Ulysses 2

Auf den heutigen Blog, wieder mal eine technische Spinnerei kam ich durch meine Arbeit an Solar Orbiter. Solar Orbiter wird durch mehrere Swing-Bys an der Venus die Bahnneigung auf bis zu 33 Grad erhöhen. Damit sieht er die Regionen mittlerer Breite auf der Sonne besser. Es geht um eine Sonde, die auch die Sonnenpole erkunden kann.

Okay, Zeit mal etwas Grundlagen zu bringen. Die Erde umkreist die Sonne an ihrem Äquator, zumindest nach Definition (einen Äquator bei der Sonne zu definieren ist mangels fester Oberflächenmerkmale etwas schwierig). Wir sehen die Sonne also verzerrt, ähnlich wie geostationäre Satelliten die Erde sehen. Schaut man sich z.B. ein Metosatbild an auf dem Europa drauf ist, dann ist das schon sehr verzerrt und Europa erstreckt sich nur vom 40 bis zum 60 Breitengrad, hin zu den Polen (Island, Norwegen, Grönland) wird die Verzerrung noch stärker. Entsprechend verzerrt sehen wir die höheren breiten der Sonne.
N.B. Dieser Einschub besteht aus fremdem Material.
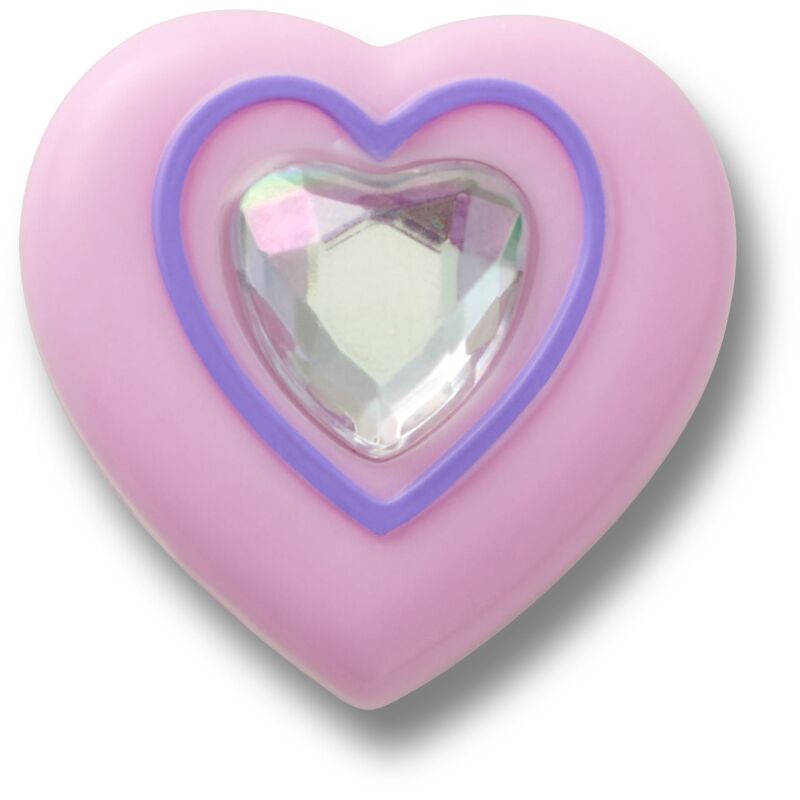 Crocs™ Jibbitz Pink Heart With Gem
Der Blickwinkel wäre egal, wenn die einfache Vorstellung der Sonne von einem Gasball stimmen würde, bei der die thermonuklearen Prozesse im Inneren praktisch alles dominieren und so Unterschiede an der Oberfläche klein sind. Doch dem ist nicht so. Die Sonne hat Aktivitätsgebiete und sie rotiert nicht überall gleich schnell, dadurch verwickeln sich Magnetfeldlinien und es kommt zu Sonnenflecken, Flares, Prototuberanzen. Die Erforschung dieser Phänomene abseits des Äquators ist eine der Aufgaben von Solar Orbiter.
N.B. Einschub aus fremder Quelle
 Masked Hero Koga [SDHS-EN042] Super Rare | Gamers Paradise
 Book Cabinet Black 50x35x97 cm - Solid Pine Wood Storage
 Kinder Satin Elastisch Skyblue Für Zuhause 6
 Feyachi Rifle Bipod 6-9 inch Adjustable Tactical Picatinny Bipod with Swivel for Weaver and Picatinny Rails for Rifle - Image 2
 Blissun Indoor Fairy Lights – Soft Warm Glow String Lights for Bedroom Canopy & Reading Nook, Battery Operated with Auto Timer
Weitaus höhere Breiten, nämlich 80 Grad erreicht schon vor Jahrzehnten die Raumsonde Ulysses. Übrig geblieben als europäischer Teil eines ESA-NASA Duos erforschte sie 20 Jahre lang die Sonne. Leider ohne Kamera nur mit Instrumenten für Teilchen und Feldern. So hohe Breiten zu erreichen, ist nicht einfach. Will man die Bahnneigung einer Sonde, die, wenn sie die Erde verlässt, aber keine Bahn nach Innen oder Außen einschlägt, die Bahngeschwindigkeit der Erde hat um 90 Grad drehen so muss man die 2-fache Energie aufbringen, die sie hat. In Geschwindigkeitsäquivalenten ist das die 1,41-fache momentane Geschwindigkeit. Bei der Erdbahn mit 29,8 km/s also 42,1 km/s. Das ist enorm viel. Dagegen braucht man um das Sonnensystem zu verlassen nur 16,7 km/s und selbst ein Sturz in die Sonne braucht nur 25,7 km/s. Das ist heute selbst mit Ionentriebwerken nicht durchführbar.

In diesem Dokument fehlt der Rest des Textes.